The reason you would rule that way is because California can't simply go in and change your property rights, at least not without compensating you and using eminent domain. That has been established for a long time. So for the same reason they cannot just decide to give access to the minerals under your house to Chevron.

So it isn't "squatters rights" at all, rather it is property holder rights. If this is upheld it could have some interesting repercussions on water rights in the Central Valley if I remember, some of those were parts of Mexican land grants as well.

2 comments

> If this is upheld it could have some interesting repercussions on water rights in the Central Valley > if I remember, some of those were parts of Mexican land grants as well.

That's both news to me and a wincing moment of "wow, California politics really do come down to water issues 90% of the time".

I remember telling a friend's kid, in ~2000, that if she really wanted a totally secure future, that she should quit computer programming and become a riparian lawyer. I maintain that this is still the best advice I've ever given.
It absolutely is. I took a California Government class in college that blew my mind about how much of bipartisan political scheming is about water, to this day, because there's so much money in it.

His oft repeated quote was "when politicians agree on something and it stays out of the news, it's usually not in the public interest".

People like to make fun of Las Vegas as a city that wouldn't exist without imported water but most of So Cal wouldn't either. The bad guy in the film Chinatown is loosely based on William Mulholland, the chief engineer for the Los Angeles Department of Water and Power.

http://en.wikipedia.org/wiki/California_Water_Wars

I don't see why the reasoning didn't go like the following.
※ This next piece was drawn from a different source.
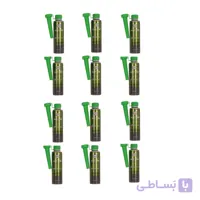 مکمل سوخت خودرو قابل استفاده برای خودروهای بنزینی بهران مدل بهزی حجم 250 میلی لیتر مجموعه 12 عددی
California law requires the property owner to give up rights. The eminent-domain laws require the state to compensate property owners when forcing them to give up rights.

Conclusion: The property owner must allow beach access to the public, and the state must pay the property owner for allowing this.

EDIT: The comment by gojomo would seem to explain this.

Yup, the question is whether or not the treaty trumps California law otherwise it would have worked exactly that way.

I like the idea of working out a 'patch' to the treaty, although I don't think I've heard of that ever happening in practice, new treaties yes, but patching an old one not so much.

Adverse possession may be used to force an easement on the grounds that the access road was itself de-facto public. If not an easement maybe forced in any case.